Alberto Moyano
La Diputación de Gipuzkoa ha acordado “por unanimidad” congelar los sueldos de los altos cargos durante este año. Hablamos de 94.768 euros en el caso del diputado general y de 84.860 en el de los diputados forales. De mantenerse sus señorías firmes en sus posturas, el común de los mortales conseguiríamos equipararnos salarialmente con ellos en tan sólo un par de lustros.
La medida -redonda desde un punto de vista demagógico aunque antipatriótica por la desconfianza que siembra respecto al futuro económico- no es un brindis al sol. De hecho, podría incluso amenazar el pago hipotecario de segundas e incluso terceras viviendas de nuestros electos, disparando así el índice de morosidad bancaria.
Se trata en todo caso de un gesto conmovedor, cuyo ideólogo, José Bono -convaleciente aún de su agresivo tratamiento capilar- se mantiene pletórico de iniciativa. Desbordando dietas, prebendas varias y una pensión envidiable por tan sólo dos legislaturas en el cargo, nuestros representantes democráticos se apretarán el cinturón Armani, pero sólo un poquito.
Es más: deberíamos reservar el uso del término “congelación” para el caso de pensiones y salarios mínimos, y recurrir al de “criogenización” para los sueldos de alto standing, como es el caso que nos ocupa.

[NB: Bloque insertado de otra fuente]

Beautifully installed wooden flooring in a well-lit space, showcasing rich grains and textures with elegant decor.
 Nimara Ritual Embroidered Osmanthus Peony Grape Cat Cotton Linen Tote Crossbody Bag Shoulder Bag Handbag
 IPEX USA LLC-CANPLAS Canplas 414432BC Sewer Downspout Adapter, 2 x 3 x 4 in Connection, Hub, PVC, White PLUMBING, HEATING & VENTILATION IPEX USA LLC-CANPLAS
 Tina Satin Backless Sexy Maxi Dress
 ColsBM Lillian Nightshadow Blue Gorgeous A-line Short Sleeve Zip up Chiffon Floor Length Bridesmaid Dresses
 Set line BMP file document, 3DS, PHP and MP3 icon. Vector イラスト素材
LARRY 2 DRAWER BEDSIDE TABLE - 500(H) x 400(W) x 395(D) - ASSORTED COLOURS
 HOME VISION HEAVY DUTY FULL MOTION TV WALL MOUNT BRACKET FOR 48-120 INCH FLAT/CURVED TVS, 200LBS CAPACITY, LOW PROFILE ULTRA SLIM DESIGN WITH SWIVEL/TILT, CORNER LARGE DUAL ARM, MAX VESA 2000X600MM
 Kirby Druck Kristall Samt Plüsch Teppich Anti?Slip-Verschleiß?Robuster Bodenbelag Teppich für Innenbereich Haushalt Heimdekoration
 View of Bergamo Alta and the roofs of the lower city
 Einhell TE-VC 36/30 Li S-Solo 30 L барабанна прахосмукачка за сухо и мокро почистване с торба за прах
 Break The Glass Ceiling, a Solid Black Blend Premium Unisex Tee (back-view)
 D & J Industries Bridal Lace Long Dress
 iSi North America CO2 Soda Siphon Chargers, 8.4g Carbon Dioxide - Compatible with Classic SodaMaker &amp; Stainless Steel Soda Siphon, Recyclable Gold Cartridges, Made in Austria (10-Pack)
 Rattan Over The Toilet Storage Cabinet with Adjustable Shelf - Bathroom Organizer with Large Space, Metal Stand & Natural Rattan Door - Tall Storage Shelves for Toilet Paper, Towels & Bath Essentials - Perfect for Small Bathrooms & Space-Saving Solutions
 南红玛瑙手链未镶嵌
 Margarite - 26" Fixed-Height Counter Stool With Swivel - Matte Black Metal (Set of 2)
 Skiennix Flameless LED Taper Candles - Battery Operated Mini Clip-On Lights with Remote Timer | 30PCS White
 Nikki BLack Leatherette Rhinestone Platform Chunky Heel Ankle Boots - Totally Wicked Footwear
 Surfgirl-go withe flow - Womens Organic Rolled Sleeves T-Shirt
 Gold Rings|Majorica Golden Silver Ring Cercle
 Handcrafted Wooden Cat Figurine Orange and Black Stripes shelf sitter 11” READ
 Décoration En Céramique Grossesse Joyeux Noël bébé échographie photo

Más audaz, sin embargo, sería congelar el salario de los cargos electos hasta que se produjera el cambio de titular. Se evitaría así la tentación del escaño vitalicio, cuyo santo patrón, Alfonso Guerra, ha visto frustrado su amor a la docencia y el teatro por más de tres décadas a causa de una desmedida vocación de servicio público.